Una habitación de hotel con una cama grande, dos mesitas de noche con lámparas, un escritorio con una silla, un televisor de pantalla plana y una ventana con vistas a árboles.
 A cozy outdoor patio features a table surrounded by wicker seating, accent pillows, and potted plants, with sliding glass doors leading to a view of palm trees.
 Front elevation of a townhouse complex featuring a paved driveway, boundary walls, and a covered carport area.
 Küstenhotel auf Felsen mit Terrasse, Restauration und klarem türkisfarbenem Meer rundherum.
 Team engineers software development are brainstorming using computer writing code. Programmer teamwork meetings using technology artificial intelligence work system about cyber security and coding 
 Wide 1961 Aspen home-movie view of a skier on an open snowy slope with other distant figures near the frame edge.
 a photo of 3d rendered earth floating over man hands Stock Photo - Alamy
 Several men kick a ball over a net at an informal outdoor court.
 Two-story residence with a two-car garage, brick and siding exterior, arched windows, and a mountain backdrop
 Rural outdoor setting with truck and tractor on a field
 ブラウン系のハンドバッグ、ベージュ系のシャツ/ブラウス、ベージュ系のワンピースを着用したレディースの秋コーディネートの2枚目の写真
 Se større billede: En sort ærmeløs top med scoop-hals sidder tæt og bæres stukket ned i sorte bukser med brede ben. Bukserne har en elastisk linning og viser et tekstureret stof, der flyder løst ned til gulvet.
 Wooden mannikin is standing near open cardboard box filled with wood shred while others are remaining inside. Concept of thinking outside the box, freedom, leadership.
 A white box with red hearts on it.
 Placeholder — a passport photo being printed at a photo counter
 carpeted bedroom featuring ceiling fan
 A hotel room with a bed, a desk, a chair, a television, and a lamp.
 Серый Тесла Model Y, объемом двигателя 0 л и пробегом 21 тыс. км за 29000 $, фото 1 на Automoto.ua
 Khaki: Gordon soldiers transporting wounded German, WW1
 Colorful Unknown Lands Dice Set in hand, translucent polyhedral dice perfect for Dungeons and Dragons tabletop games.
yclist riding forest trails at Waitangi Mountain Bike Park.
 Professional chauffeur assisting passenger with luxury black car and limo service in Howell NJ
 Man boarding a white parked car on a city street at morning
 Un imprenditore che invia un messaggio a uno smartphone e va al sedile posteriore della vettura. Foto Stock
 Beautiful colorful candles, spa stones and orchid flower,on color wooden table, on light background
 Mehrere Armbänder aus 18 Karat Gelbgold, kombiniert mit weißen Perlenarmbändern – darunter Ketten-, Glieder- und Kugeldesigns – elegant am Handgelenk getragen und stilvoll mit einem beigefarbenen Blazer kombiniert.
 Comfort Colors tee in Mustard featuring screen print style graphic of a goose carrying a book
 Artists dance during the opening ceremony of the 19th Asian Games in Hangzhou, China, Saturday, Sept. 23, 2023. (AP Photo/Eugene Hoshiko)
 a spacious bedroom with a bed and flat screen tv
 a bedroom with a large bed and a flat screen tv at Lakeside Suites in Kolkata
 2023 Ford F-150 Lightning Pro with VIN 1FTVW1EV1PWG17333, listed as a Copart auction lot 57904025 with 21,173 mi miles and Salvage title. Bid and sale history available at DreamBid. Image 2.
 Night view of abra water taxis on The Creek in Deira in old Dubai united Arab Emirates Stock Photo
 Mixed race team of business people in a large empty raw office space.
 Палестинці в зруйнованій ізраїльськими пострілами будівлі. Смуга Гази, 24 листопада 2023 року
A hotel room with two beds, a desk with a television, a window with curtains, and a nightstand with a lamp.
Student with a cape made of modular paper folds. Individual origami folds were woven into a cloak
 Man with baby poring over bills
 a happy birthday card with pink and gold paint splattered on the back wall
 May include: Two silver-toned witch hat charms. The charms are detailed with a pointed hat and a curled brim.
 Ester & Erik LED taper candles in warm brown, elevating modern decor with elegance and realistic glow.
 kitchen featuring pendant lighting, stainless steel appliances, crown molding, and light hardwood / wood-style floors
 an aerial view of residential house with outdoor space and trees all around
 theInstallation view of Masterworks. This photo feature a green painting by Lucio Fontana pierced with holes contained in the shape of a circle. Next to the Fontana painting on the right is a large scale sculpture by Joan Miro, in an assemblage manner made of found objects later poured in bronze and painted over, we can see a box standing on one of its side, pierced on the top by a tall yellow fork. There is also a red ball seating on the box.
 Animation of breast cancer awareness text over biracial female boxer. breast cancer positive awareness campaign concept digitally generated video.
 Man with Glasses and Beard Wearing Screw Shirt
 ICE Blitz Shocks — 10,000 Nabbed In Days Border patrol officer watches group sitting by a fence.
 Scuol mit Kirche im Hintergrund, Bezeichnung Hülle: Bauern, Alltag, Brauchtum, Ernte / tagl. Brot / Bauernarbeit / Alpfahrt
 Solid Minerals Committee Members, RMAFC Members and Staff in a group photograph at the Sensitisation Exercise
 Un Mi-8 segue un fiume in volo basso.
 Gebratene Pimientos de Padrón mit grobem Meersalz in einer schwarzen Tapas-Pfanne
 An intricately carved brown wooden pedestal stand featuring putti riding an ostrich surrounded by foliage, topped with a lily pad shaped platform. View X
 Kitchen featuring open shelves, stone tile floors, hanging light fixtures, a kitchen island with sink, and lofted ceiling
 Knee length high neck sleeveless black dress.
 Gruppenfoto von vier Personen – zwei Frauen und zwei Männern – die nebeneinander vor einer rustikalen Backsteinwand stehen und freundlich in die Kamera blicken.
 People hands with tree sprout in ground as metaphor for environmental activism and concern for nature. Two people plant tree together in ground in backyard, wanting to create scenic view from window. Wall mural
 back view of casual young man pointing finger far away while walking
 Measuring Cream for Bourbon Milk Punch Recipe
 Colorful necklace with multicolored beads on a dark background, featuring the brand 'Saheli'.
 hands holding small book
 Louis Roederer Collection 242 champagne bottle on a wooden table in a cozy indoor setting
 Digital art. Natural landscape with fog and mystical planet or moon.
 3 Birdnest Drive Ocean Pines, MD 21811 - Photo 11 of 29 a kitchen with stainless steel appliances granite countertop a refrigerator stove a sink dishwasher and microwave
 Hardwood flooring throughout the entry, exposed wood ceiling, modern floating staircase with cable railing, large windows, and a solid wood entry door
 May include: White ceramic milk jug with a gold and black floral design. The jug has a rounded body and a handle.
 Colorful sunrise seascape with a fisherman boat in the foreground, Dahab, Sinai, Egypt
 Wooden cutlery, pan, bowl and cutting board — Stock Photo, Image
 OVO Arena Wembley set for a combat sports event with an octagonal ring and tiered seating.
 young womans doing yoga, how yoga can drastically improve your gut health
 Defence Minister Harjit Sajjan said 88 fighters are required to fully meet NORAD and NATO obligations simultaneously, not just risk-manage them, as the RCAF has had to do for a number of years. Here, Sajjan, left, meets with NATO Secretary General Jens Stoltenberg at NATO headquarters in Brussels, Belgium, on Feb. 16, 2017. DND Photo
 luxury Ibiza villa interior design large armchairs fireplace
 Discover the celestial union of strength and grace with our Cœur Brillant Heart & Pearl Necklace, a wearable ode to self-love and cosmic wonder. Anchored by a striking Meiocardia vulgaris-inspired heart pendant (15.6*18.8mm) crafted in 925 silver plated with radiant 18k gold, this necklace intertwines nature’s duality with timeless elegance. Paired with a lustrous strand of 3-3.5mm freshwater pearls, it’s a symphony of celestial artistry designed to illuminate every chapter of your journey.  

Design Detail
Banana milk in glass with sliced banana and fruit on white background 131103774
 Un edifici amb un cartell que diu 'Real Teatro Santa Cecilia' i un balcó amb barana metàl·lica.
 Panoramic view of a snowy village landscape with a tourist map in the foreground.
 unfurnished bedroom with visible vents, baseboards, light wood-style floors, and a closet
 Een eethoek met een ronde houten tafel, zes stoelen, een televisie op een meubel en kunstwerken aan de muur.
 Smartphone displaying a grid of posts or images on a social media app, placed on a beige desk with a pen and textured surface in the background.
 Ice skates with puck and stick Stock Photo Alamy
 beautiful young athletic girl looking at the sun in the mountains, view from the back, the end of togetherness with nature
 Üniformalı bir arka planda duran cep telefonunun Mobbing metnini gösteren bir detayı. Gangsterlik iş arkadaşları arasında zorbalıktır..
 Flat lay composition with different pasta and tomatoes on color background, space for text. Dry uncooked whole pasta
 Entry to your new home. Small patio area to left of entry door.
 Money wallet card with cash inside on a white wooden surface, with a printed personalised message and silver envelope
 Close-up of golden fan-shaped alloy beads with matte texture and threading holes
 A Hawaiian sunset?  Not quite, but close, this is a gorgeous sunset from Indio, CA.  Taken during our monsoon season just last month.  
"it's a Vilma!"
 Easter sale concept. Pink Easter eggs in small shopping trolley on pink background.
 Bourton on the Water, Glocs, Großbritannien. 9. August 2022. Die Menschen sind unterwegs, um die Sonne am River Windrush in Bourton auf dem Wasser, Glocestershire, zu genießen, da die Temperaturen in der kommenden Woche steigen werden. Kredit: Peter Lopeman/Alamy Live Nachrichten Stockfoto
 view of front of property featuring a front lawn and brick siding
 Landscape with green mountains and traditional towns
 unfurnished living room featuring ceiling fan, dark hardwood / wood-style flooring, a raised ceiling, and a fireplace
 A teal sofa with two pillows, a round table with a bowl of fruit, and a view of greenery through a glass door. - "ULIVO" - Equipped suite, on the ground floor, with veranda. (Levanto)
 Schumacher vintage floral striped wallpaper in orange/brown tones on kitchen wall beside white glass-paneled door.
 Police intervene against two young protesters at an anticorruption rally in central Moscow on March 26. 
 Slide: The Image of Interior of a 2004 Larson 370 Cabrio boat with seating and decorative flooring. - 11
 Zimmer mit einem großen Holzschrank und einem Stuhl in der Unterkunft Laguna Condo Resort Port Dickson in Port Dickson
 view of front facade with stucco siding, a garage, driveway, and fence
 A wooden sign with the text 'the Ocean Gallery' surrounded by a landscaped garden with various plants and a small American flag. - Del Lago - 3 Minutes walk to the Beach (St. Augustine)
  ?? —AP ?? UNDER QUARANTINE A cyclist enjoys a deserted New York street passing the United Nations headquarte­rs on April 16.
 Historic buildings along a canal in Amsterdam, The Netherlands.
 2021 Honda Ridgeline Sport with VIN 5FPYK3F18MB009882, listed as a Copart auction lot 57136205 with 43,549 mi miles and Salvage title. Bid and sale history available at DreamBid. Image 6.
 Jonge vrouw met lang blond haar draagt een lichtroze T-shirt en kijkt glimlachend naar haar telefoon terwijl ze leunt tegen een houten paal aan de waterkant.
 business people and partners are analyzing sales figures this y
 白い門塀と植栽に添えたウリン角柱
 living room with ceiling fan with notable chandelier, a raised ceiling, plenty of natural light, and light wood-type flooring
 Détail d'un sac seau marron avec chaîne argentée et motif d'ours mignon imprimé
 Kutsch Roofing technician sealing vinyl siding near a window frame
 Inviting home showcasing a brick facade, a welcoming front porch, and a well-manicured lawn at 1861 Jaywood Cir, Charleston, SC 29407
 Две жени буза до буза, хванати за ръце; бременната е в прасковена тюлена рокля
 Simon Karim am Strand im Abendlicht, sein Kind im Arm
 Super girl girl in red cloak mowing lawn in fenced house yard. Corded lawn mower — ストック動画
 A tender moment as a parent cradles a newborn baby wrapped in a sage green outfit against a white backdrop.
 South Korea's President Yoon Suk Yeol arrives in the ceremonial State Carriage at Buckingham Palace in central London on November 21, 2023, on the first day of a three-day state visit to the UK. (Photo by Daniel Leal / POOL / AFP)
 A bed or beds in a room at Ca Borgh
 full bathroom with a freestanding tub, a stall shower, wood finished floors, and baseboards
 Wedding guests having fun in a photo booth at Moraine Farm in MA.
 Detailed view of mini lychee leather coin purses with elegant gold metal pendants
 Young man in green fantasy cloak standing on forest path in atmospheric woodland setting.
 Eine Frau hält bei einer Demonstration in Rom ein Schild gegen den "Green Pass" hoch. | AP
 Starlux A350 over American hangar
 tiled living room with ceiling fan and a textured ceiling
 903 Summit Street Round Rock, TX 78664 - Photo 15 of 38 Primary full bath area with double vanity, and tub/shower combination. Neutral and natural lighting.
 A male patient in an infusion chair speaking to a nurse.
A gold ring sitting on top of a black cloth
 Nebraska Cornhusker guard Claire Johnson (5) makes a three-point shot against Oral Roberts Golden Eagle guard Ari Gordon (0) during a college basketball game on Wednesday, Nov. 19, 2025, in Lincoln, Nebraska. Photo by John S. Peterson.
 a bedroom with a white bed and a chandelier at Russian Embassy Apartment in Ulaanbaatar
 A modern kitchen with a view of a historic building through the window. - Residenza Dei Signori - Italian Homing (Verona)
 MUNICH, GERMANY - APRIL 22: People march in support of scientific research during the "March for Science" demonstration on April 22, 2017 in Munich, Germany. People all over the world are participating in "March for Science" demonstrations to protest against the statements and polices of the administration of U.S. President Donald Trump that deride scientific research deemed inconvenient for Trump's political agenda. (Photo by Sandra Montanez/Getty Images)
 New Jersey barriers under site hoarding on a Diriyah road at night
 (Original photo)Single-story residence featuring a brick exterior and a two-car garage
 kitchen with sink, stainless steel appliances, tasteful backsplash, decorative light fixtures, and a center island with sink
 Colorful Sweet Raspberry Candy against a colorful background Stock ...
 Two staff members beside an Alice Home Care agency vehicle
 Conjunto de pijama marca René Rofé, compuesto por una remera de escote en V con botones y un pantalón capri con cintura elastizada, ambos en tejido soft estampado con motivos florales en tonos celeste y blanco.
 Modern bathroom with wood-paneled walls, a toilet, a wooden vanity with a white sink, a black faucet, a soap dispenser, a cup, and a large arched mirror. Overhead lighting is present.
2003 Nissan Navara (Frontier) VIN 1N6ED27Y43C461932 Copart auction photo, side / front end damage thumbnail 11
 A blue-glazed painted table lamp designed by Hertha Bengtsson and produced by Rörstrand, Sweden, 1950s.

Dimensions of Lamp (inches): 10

++++++++++

● What you will do: Please copy, exactly as written, every line in the listing above from the line with "Money wallet card" up to and including the line with "Bourton on the".

● Output below:
 Money wallet card with cash inside on a white wooden surface, with a printed personalised message and silver envelope
 Close-up of golden fan-shaped alloy beads with matte texture and threading holes
 A Hawaiian sunset?  Not quite, but close, this is a gorgeous sunset from Indio, CA.  Taken during our monsoon season just last month.  
"it's a Vilma!"
 Easter sale concept. Pink Easter eggs in small shopping trolley on pink background.
 Bourton on the Water, Glocs, Großbritannien. 9. August 2022. Die Menschen sind unterwegs, um die Sonne am River Windrush in Bourton auf dem Wasser, Glocestershire, zu genießen, da die Temperaturen in der kommenden Woche steigen werden. Kredit: Peter Lopeman/Alamy Live Nachrichten Stockfoto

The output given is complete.